Summarizing by Amir Shachmurove

Secure Leverage Group, Inc. v. Bodenstein (In re Peregrine Financial Group, Inc.)

Case Type:
Case Status:
16-3424 (7th Circuit, Aug 07,2017) Not Published
Where forex contract accounts can be comingled, and used to pay the futures commissions merchant’s liabilities, they are not considered “customer property” deserving priority over all other claims in the Chapter 7 Bankruptcy of the futures commissions merchant. Forex is a term that references foreign exchange market trading, which includes spot market, forward market and futures market trading.
Procedural context:
Peregrine, a registered futures commissions merchant, filed a Chapter 7 bankruptcy petition, and Bodenstein was appointed as trustee. Chapter 7 of the Bankruptcy Code, 11 U.S.C. §761-767, governs the bankruptcy of a futures commission merchant such as Peregrine, and provides for the distribution of “customer property” in priority to all other claims. “Customer property” is defined as including funds received in connection with a commodity contract. The trustee excluded Secure Leverage Group, Inc. from the priority distribution based on his determination that forex transactions did not constitute “commodity contracts” as defined. The plaintiffs filed an adversary complaint against Bodenstein.
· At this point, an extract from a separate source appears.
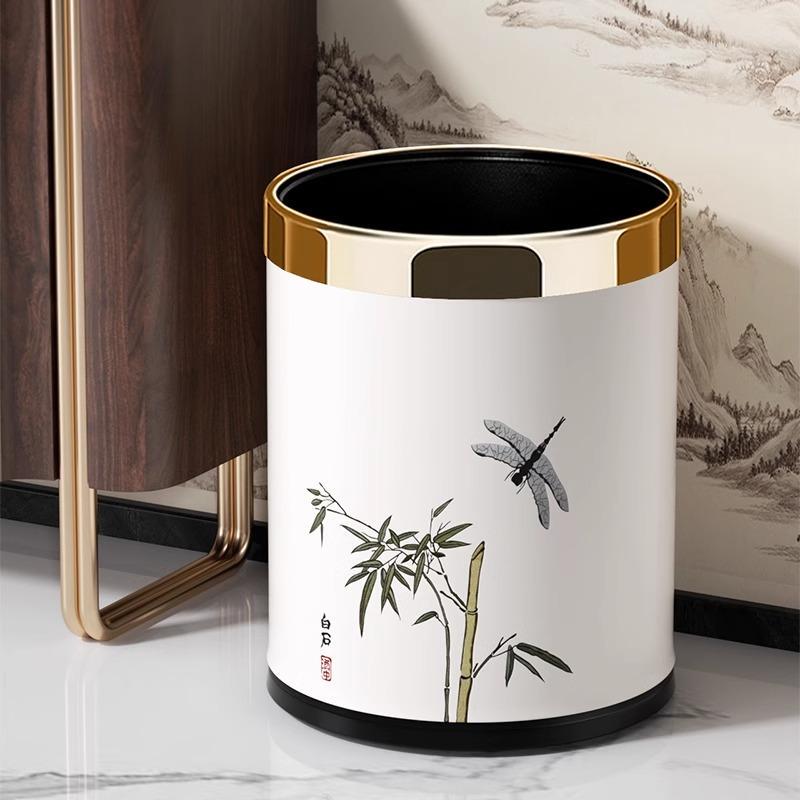 Creative New Chinese-Style High-Quality Household Trash Can, Large Capacity, for Living Room, Bathroom, Bedroom, Wastebasket, Kitchen Storage Bin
After the adversary proceeding was terminated, another group of customers filed a class action against Bodenstein, alleging fraud, breach of fiduciary duty, unjust enrichment, and conversion, seeking imposition of a constructive trust. Because the class action was filed two years after the bar date for proofs of claim, and involved claims based on facts unrelated to the timely filed contract-based claims, the bankruptcy court dismissed the class action claims as untimely. On this consolidated appeal, the Secured Leverage plaintiffs allege that their funds were held in a resulting trust and therefore not included in the bankruptcy estate, and that their forex contracts constituted commodity contracts under the similar contracts clause (11 U.S.C. §761(4)(F)(i)). The class action plaintiffs alleged that the courts erred in holding that the claims were untimely and did not constitute an amended claim. The Seventh Circuit affirmed the district court’s holding, but did not set forth its own analysis, citing its agreement with the reasoning set forth in Secure Leverage Grp., Inc. v. Bodenstein, 558 B.R. 226, 231 (N.D.Ill. 2016).
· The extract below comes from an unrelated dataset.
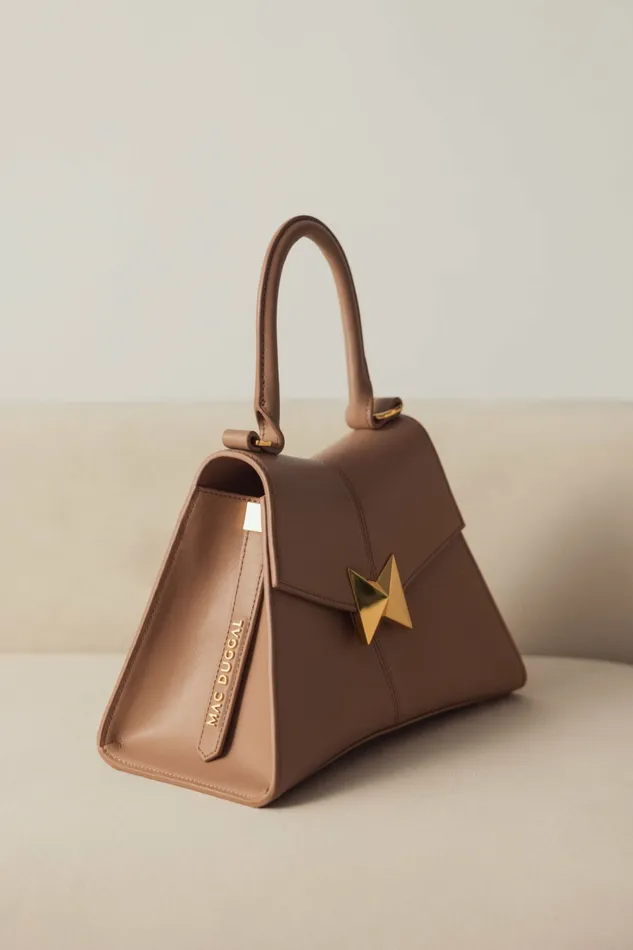 Top Handle Bags Mac Duggal Women Angular Small Taupe Leather Handbag With Gold Hardware Taupe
Peregrine Financial Group, Inc. (“Peregrine”) was a registered futures commissions merchant and a registered forex dealer. In addition to futures, Peregrine dealt on retail foreign currency transactions (“retail forex”). The plaintiffs are investors who executed retail forex contracts with Peregrine. After being informed by the Commodity Futures Trading Commission that Peregrine’s accounts were going to be monitored, Peregrine’s CEO admitted to embezzling approximately $200 million from Peregrine’s segregated customer futures accounts. As a result of this loss, Peregrine filed Chapter 7, and Bodenstein was appointed as trustee.